• **Exercise details**: Only the lines below from the one containing "Moving on to" through the last line should be set down, exactly as written and with no pictures.

• **Stored data**:

━━━━━━━━━━━━━━━━

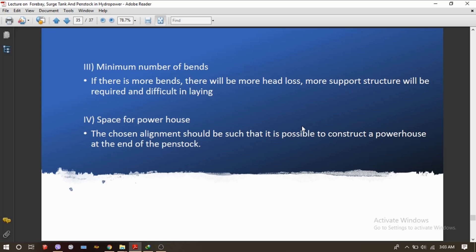If there is no sufficient space for the construction of a powerhouse, there will be no point in constructing any hydropower project. Therefore, one must ensure there is sufficient space for powerhouse construction immediately at the end of the penstock pipe.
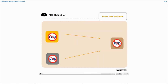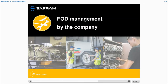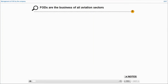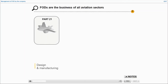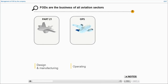Should it be found before causing any damage, it will only be classified as FO — foreign object. The sectors concerned by FODs are design, manufacture, operation and maintenance.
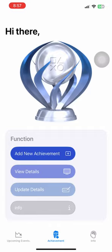Moving on to the Achievements section main page. From this page, users can navigate to the Add Achievement Details page, the View Details page, and the Update Achievement Details page.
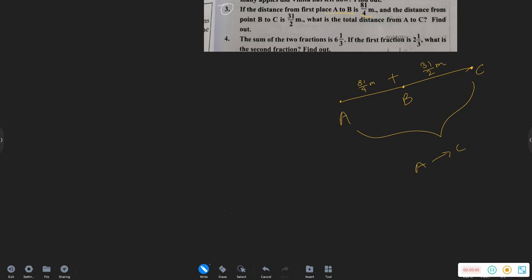A to C is the total distance from A to C. But A to B to C is the total distance — A to B to C is how the distance should have been given to us to be able to walk.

━━━━━━━━━━━━━━━━

• **Solution to this task**:
Moving on to the Achievements section main page. From this page, users can navigate to the Add Achievement Details page, the View Details page, and the Update Achievement Details page.
A to C is the total distance from A to C. But A to B to C is the total distance — A to B to C is how the distance should have been given to us to be able to walk.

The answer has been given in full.